### Caption-style text data
========================================================================

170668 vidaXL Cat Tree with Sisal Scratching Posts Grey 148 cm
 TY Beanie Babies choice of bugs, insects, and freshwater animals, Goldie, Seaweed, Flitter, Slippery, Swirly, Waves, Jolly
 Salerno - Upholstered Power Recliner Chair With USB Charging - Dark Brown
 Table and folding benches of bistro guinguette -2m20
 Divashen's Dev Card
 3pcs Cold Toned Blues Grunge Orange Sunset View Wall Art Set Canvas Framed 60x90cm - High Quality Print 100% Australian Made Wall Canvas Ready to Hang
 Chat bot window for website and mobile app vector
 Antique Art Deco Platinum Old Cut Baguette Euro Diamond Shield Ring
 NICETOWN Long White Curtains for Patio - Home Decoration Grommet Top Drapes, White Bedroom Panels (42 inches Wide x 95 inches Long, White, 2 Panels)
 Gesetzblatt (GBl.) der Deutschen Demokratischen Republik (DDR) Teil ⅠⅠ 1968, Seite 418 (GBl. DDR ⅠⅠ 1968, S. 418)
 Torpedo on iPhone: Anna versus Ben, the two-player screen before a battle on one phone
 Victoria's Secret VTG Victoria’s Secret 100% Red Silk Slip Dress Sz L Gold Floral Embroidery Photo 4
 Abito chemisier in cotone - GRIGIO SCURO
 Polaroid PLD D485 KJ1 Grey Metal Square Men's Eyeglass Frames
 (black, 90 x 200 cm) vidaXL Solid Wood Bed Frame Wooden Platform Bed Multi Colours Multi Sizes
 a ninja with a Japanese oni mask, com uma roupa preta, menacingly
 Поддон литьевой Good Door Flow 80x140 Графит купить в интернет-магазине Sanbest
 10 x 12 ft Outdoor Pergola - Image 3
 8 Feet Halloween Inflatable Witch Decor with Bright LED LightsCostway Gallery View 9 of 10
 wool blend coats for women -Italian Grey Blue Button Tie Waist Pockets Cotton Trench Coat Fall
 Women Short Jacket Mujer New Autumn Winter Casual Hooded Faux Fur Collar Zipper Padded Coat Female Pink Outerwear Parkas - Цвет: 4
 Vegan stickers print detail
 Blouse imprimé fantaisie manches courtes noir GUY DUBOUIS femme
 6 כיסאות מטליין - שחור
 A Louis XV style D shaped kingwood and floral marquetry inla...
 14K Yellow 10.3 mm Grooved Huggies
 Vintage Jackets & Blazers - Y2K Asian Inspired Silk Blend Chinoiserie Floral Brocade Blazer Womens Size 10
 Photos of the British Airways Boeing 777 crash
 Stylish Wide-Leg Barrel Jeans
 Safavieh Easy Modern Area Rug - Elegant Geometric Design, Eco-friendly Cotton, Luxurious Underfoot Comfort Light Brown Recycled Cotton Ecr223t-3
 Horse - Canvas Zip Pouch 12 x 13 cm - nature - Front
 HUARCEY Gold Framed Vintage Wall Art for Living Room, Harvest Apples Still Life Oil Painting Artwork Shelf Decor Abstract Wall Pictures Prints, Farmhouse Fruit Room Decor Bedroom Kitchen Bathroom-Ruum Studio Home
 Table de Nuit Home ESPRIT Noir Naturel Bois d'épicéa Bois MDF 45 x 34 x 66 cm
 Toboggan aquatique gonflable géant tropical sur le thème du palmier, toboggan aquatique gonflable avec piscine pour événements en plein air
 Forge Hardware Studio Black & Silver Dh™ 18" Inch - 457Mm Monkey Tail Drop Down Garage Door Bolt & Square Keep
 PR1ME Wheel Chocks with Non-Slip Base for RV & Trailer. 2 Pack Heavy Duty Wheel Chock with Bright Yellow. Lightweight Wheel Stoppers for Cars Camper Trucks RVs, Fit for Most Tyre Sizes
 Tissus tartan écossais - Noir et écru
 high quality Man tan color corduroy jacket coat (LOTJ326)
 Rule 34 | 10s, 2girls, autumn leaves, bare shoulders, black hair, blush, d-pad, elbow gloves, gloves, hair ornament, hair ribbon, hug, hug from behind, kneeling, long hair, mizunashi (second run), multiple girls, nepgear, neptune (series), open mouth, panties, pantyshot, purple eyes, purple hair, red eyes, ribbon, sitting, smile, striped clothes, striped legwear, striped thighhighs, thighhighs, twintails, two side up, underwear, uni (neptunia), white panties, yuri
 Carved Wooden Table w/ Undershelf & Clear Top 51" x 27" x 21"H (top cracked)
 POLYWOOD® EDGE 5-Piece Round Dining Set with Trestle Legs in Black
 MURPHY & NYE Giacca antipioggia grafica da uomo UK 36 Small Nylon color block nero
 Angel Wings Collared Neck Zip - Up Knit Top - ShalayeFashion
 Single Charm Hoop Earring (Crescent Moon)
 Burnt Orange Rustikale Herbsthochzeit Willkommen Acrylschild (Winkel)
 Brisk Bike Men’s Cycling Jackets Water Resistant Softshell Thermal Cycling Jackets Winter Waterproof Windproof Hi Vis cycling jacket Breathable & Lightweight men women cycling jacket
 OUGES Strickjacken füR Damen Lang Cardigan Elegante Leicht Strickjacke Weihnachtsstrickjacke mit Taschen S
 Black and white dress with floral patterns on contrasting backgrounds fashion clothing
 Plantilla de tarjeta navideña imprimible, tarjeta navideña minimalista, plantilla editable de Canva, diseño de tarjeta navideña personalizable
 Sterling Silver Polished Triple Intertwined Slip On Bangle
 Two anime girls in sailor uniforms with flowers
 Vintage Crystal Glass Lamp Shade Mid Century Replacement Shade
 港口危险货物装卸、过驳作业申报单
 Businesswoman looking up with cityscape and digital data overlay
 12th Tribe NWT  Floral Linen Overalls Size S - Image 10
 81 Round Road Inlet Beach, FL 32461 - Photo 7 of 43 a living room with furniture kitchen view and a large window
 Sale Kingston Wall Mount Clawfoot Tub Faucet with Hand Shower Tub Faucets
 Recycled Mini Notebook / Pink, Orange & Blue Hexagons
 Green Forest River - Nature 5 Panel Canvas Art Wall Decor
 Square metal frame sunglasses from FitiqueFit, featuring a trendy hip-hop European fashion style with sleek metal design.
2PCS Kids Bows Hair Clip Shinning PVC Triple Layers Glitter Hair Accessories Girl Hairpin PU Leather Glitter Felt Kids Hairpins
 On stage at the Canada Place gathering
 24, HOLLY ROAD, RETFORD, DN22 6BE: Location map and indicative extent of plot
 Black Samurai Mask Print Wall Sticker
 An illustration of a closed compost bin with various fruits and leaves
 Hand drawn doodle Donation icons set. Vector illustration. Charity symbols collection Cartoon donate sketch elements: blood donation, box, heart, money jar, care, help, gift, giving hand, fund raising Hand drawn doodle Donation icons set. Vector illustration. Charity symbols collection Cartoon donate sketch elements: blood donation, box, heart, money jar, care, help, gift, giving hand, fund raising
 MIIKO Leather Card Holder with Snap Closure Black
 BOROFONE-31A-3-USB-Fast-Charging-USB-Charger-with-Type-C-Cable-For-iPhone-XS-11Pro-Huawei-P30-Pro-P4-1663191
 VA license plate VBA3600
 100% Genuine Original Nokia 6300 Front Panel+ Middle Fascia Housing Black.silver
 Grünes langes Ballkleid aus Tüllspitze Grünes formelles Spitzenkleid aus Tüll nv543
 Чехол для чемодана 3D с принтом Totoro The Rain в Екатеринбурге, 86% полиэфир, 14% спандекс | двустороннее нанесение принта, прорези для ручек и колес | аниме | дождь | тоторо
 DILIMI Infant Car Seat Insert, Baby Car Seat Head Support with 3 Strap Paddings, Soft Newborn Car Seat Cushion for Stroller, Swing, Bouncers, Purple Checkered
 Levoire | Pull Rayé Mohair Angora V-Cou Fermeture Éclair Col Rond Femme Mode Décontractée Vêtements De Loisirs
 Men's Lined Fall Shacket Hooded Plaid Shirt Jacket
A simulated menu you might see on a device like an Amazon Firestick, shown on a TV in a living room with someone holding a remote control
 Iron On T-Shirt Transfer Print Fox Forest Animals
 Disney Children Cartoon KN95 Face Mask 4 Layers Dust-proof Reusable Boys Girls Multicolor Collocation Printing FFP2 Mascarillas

========================================================================

### Instructions for the task
Exactly the lines from the one containing "24, HOLLY ROAD, RETFORD, DN22" through the end of the records should be reproduced, and no others.

### Solution to this task
 24, HOLLY ROAD, RETFORD, DN22 6BE: Location map and indicative extent of plot
 Black Samurai Mask Print Wall Sticker
 An illustration of a closed compost bin with various fruits and leaves
 Hand drawn doodle Donation icons set. Vector illustration. Charity symbols collection Cartoon donate sketch elements: blood donation, box, heart, money jar, care, help, gift, giving hand, fund raising Hand drawn doodle Donation icons set. Vector illustration. Charity symbols collection Cartoon donate sketch elements: blood donation, box, heart, money jar, care, help, gift, giving hand, fund raising
 MIIKO Leather Card Holder with Snap Closure Black
 BOROFONE-31A-3-USB-Fast-Charging-USB-Charger-with-Type-C-Cable-For-iPhone-XS-11Pro-Huawei-P30-Pro-P4-1663191
 VA license plate VBA3600
 100% Genuine Original Nokia 6300 Front Panel+ Middle Fascia Housing Black.silver
 Grünes langes Ballkleid aus Tüllspitze Grünes formelles Spitzenkleid aus Tüll nv543
 Чехол для чемодана 3D с принтом Totoro The Rain в Екатеринбурге, 86% полиэфир, 14% спандекс | двустороннее нанесение принта, прорези для ручек и колес | аниме | дождь | тоторо
 DILIMI Infant Car Seat Insert, Baby Car Seat Head Support with 3 Strap Paddings, Soft Newborn Car Seat Cushion for Stroller, Swing, Bouncers, Purple Checkered
 Levoire | Pull Rayé Mohair Angora V-Cou Fermeture Éclair Col Rond Femme Mode Décontractée Vêtements De Loisirs
 Men's Lined Fall Shacket Hooded Plaid Shirt Jacket
A simulated menu you might see on a device like an Amazon Firestick, shown on a TV in a living room with someone holding a remote control
 Iron On T-Shirt Transfer Print Fox Forest Animals
 Disney Children Cartoon KN95 Face Mask 4 Layers Dust-proof Reusable Boys Girls Multicolor Collocation Printing FFP2 Mascarillas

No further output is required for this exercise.